Turning the tide in war on hunger

Volunteer Lori Knott writes down the weight of melons at the Sacramento Food Bank warehouse in September, when the city set a world record for produce collected.
Volunteer Lori Knott writes down the weight of melons at the Sacramento Food Bank warehouse in September, when the city set a world record for produce collected.

On Sept. 16, Sacramento landed in the Guinness Book of World Records for hosting the largest single-day fresh produce drive. The goal: 25,000 pounds. The tally: 170,923 pounds.

The record is something this farm-to-fork town should be very proud of, but it presents an interesting dichotomy. Sacramento County is in the heart of the most produce abundant state in the country, yet the number of food insecure residents is staggering – 245,480, or 20 percent of the population, according to Feeding America.

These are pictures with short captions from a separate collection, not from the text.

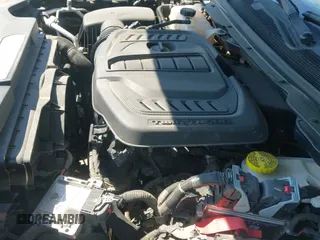 ✅ 2024 Jeep Wagoneer Series II • VIN: 1C4SJSBP4RS117920 • Lot: 43274499. Wystawiony na IAAI z przebiegiem 18 136 mil. Bezpłatny archiwum sprzedaży aukcyjnych z USA i szczegółowy raport historii pojazdu na DreamBid. Zdjęcie 23.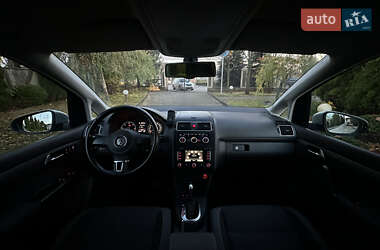 Минивэн Volkswagen Touran 2013 в 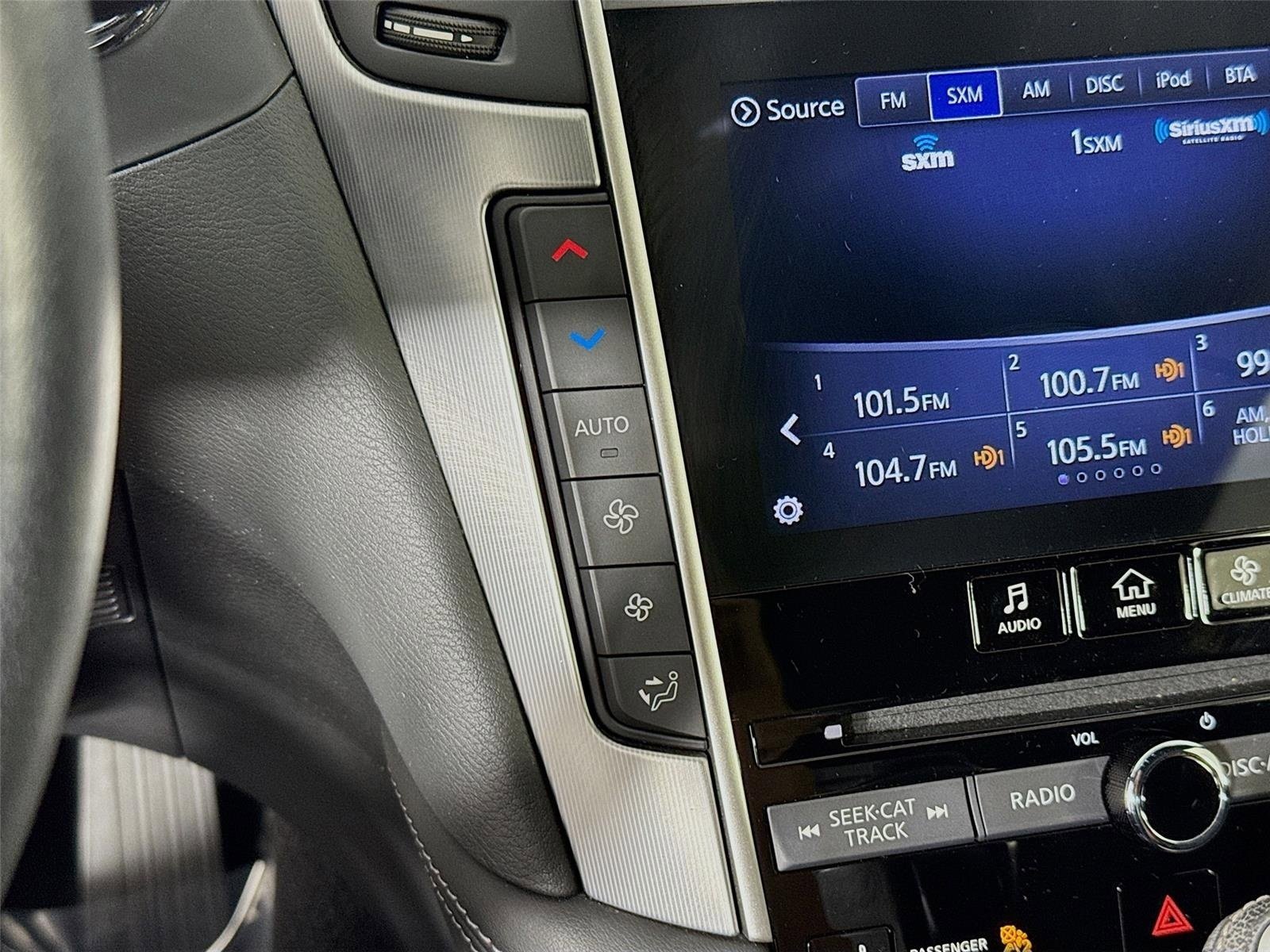 Used 2019 INFINITI Q60 3.0t Luxe w/ Essential Package RWD image 19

That is an unacceptable statistic, and it is time for a change.

Feeding the hungry is not a new cause. For decades, dozens of food banks and pantries made this mission a reality. But the first step toward solving local hunger occurred just recently in the formation of a unified food distribution system that included the merger of two food banks and a massive realignment of food allocation and distribution.

In 2014, California Emergency Foodlink, the state’s major provider of government commodities, shifted focus from local to statewide food distribution, leaving the role of feeding hungry families in Sacramento to Senior Gleaners. When Senior Gleaners ran into money troubles, it merged with Sacramento Food Bank & Family Services in December. For the first time in 40 years, Sacramento now offers a single, countywide system to deliver food to those who need it most.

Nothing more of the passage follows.